We have all somewhat crossed paths with the infamous and quite controversial quote that Nietzsche goes on to eloquently reverberate that goes somewhere along the lines of: “God is dead and he remains dead and we have killed him”. For years and years this quote has been interpreted in numerous ways in hopes of getting closer to the true meaning of what it earnestly entails. A consensus has somewhat been reached that the overarching theme of this truncated version is that the world has come a long way since the scientific revolution, and that science has paved the way for, arguably, life changing inventions. But we have to stop and ask ourselves, at what cost does the 'life changing' journey come with?

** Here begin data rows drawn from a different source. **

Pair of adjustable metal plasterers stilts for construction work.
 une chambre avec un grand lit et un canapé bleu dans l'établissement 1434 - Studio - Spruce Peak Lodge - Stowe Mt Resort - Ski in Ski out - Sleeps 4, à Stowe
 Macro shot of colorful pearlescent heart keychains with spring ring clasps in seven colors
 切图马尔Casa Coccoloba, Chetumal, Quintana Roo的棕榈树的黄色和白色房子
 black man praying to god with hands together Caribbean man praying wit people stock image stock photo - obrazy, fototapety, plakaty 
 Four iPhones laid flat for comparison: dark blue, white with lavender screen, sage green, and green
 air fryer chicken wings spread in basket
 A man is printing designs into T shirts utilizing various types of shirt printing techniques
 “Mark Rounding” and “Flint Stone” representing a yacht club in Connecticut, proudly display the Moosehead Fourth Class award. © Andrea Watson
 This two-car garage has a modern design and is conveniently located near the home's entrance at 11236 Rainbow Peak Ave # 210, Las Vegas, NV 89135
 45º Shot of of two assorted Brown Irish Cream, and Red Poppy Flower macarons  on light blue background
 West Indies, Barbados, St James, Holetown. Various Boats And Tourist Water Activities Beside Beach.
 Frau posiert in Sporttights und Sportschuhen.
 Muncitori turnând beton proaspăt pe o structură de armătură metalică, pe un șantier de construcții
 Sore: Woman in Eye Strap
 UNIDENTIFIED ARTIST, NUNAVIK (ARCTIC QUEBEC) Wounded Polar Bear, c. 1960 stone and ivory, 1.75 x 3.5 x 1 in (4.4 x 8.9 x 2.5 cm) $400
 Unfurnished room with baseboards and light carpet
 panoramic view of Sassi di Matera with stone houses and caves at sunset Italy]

We as citizens of the world have somewhat joined in, implicitly, on a mission that maneuvers us closer to the 'truth' by using the means of science and technology while elbowing out all other options that aren’t efficient, so to speak. Every agent we embark upon holds the same mantra that is essentially one across the board. Think about it, what is the goal of education houses? To somewhat dissect concepts and ideas efficiently, to an adjacently definite answer, with little to no wiggle room. Same goes for occupations, where doing things efficiently and effectively are praised, while any other way is condemned. We are so infatuated by finding the fasted and most efficient means of achieving a goal, that along they way, we end up loosing ourselves, our freedom, and our autonomy.

Ellul feeds into this idea of infatuation and takes it one step further by saying that we as institutions are obsessed with measuring things whilst quantitatively assessing ever nook and cranny. With that being said, because we are so in over our heads in regards to potent ideologies like technology, speed, and innovation, we end up utterly neglecting the fact that the most meaningful and sublime aspects in life cannot be measured. Using quantitative means to ascertain fragile and intrinsic aspects like feelings, emotions, and happiness, which are are human characteristics, would be unjust and quite misleading. With this ill mindset, one will verbatim use the same method of eradicate widgets from a factory to dealing with people in a society. Because after all, quantitative methods prevail and are one across the board for all problems, negligent of their very nature. And alas, people and widgets become congruent on the same wavelength and essentially, become one.